__ASSIGNED TASK__: Your copy should match the entries below exactly, apart from the images.

__Dataset entries__:
——

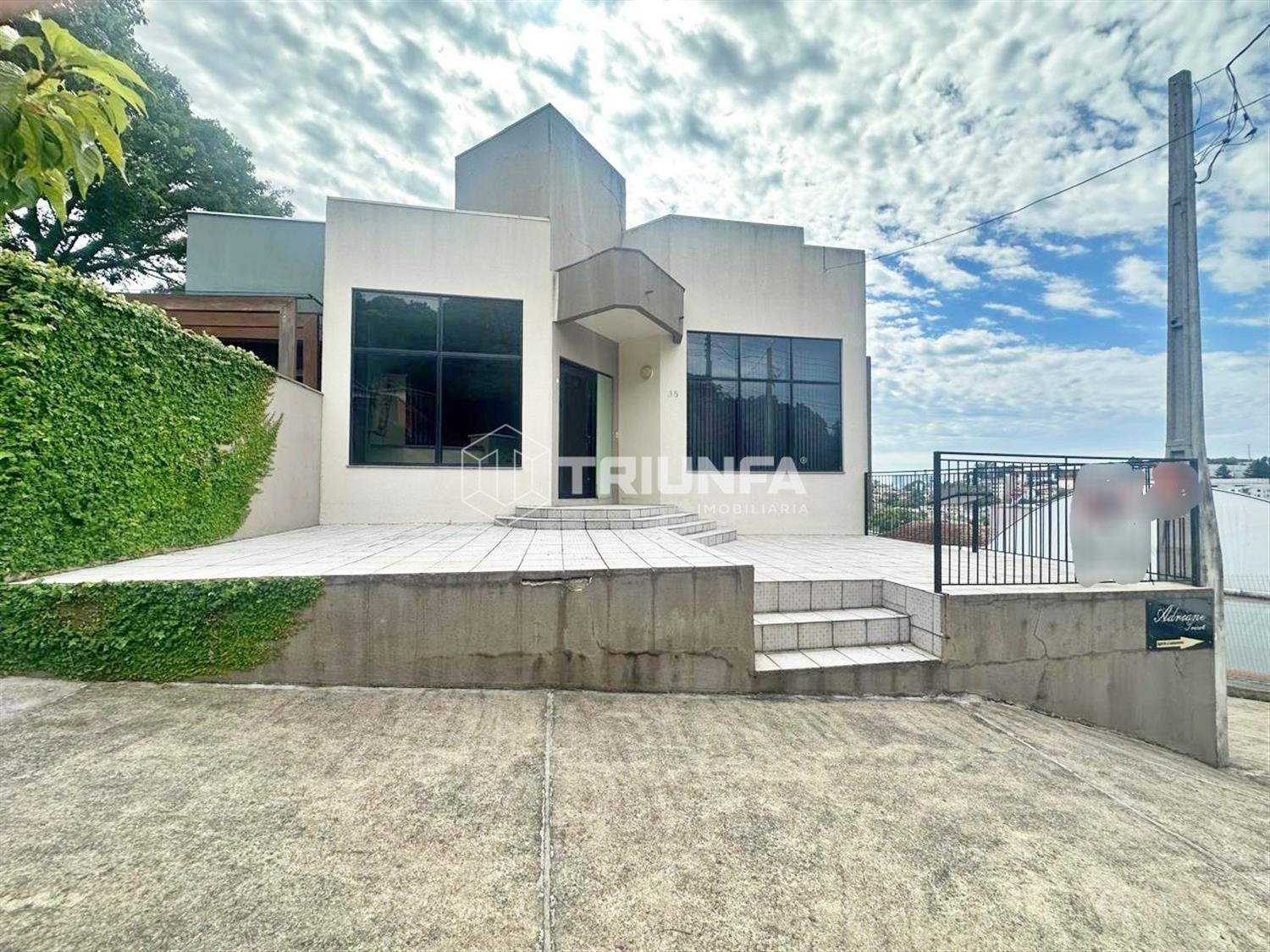 Sala Comercial Ampla em Frente à Eurotec - Excelente Localização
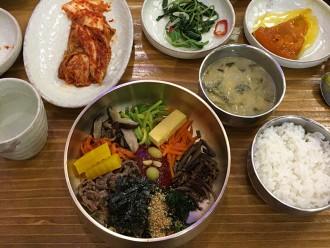 Bibimbap dans un restaurant à Jeonju Hanok Maeul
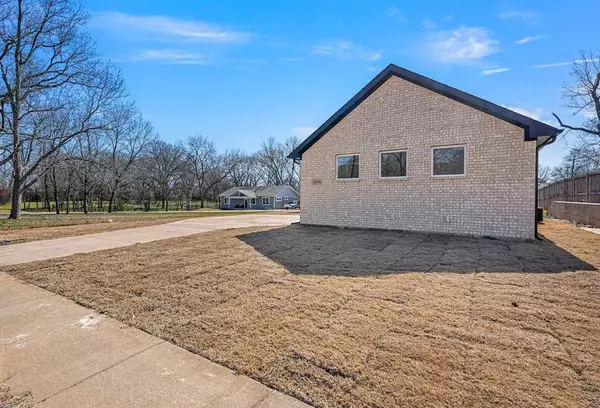 Denison, TX 75020,2600 Flora Lane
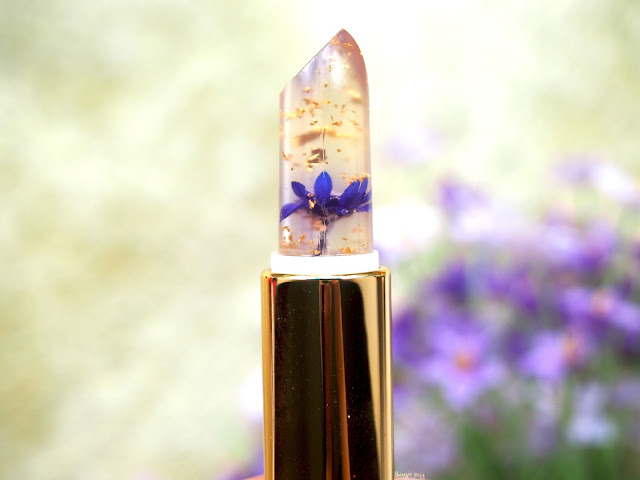 Kailijumei lipstick is a gorgeous looking lipstick. Only pink shade. It is moisturizing, soft, smooth and lightweight. It also long lasting. The packaging is innovative with a click at the top of the case.  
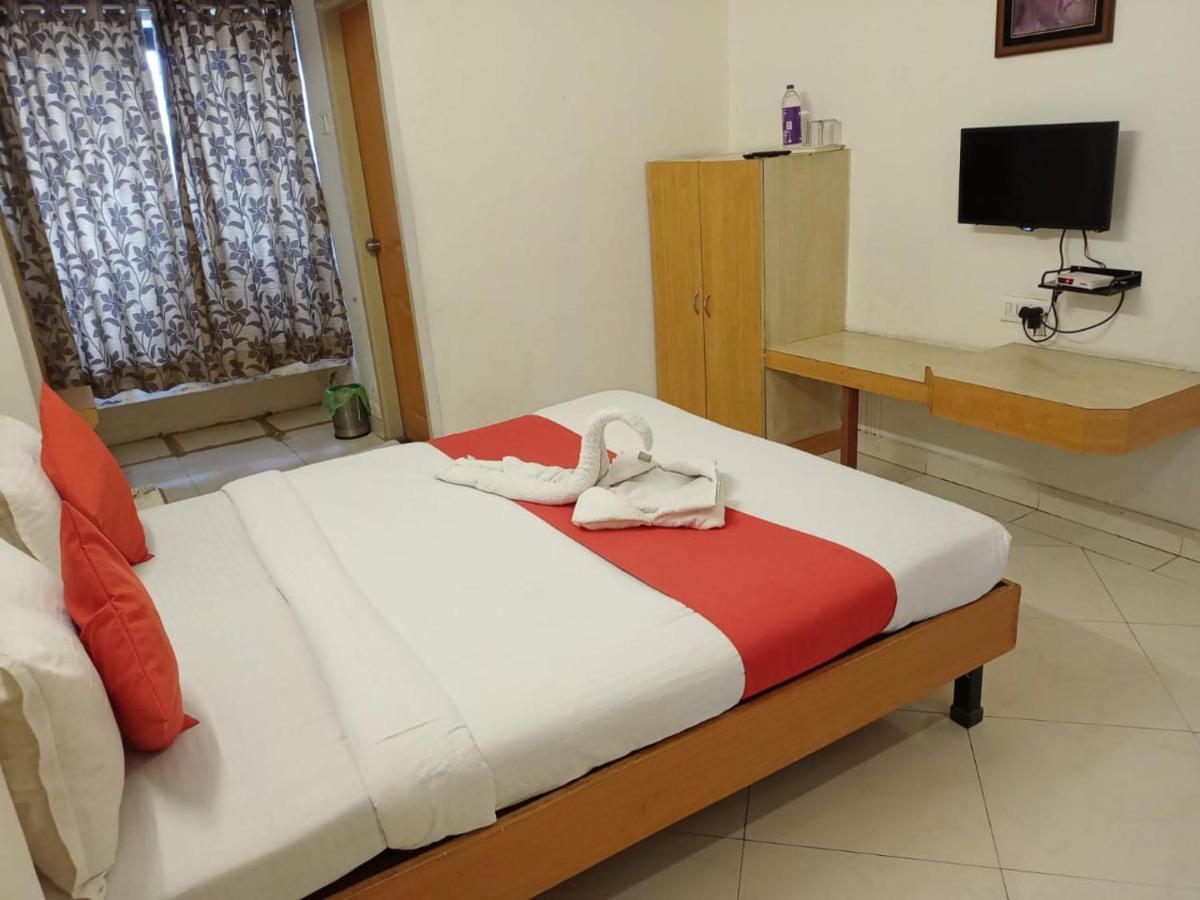 Hotel Wayfare Shirdi Esterno foto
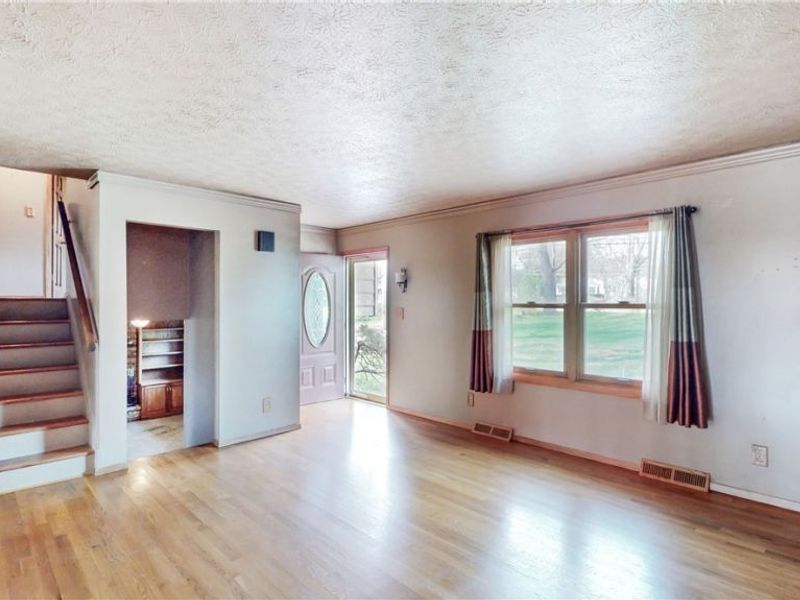 251 S Hametown Road, Akron, OH 44321 Photo 15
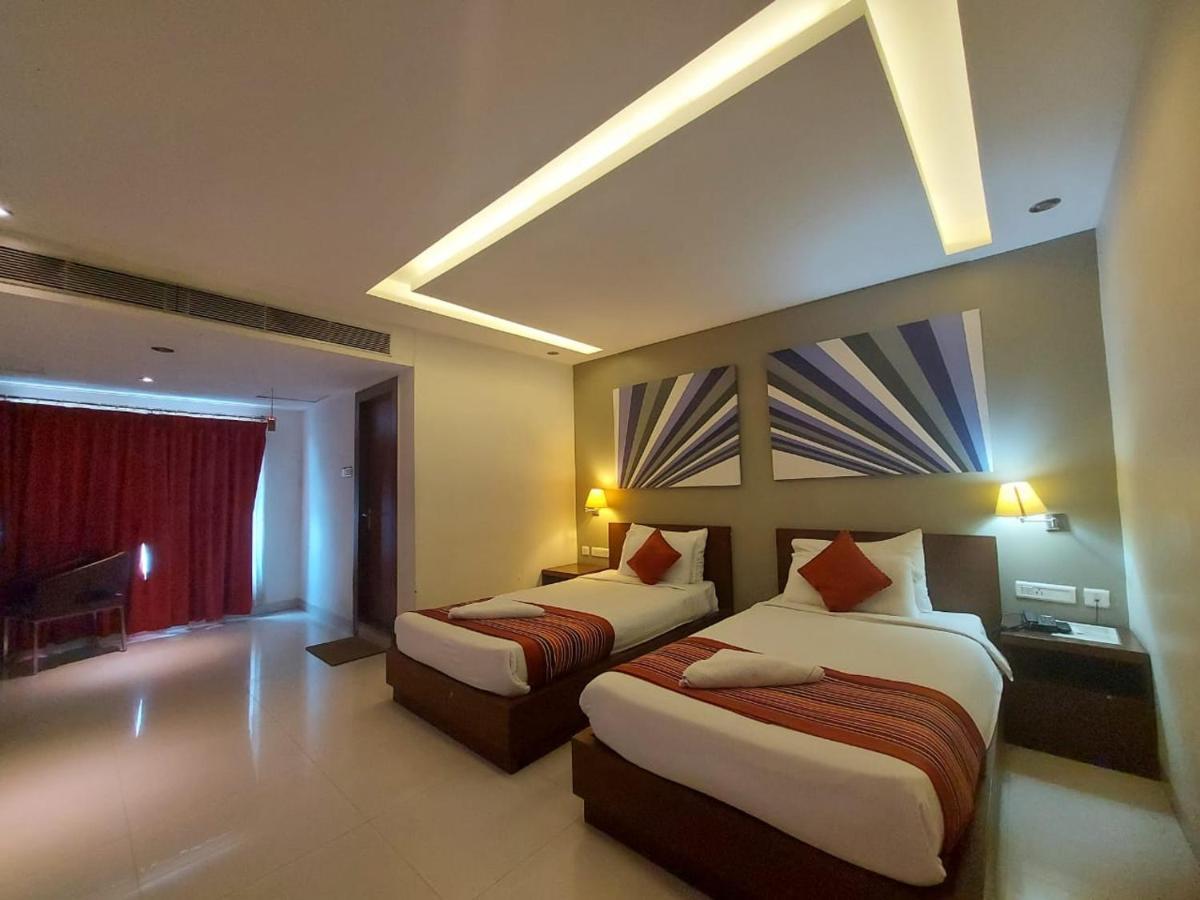 Orbit Hotel - Bagdogra Экстерьер фото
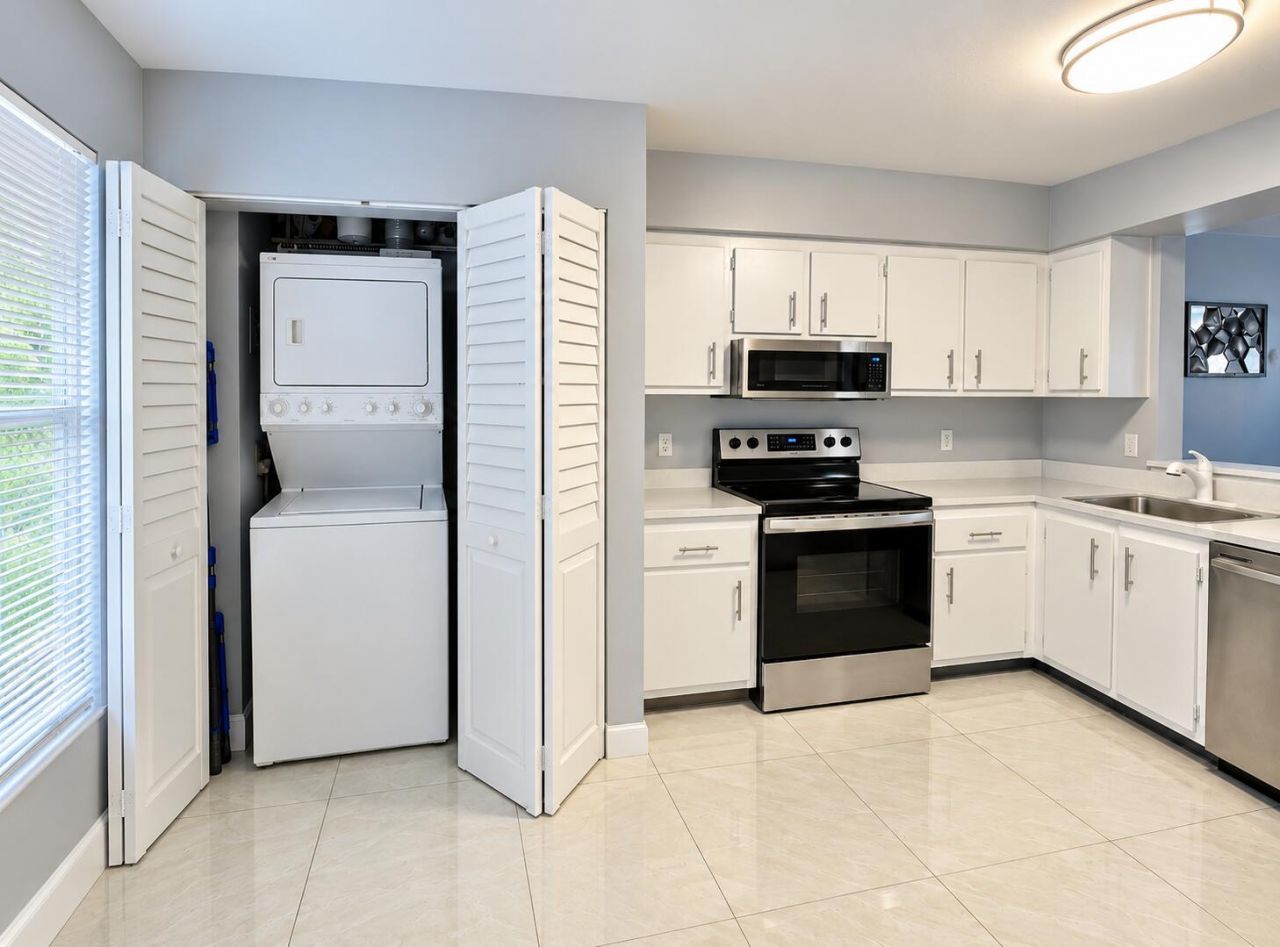 4570 NW 18th Avenue, Unit 404, Deerfield Beach, FL 33064 Photo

——

__ANSWER__:
 Sala Comercial Ampla em Frente à Eurotec - Excelente Localização
 Bibimbap dans un restaurant à Jeonju Hanok Maeul
 Denison, TX 75020,2600 Flora Lane
 Kailijumei lipstick is a gorgeous looking lipstick. Only pink shade. It is moisturizing, soft, smooth and lightweight. It also long lasting. The packaging is innovative with a click at the top of the case.  
 Hotel Wayfare Shirdi Esterno foto
 251 S Hametown Road, Akron, OH 44321 Photo 15
 Orbit Hotel - Bagdogra Экстерьер фото
 4570 NW 18th Avenue, Unit 404, Deerfield Beach, FL 33064 Photo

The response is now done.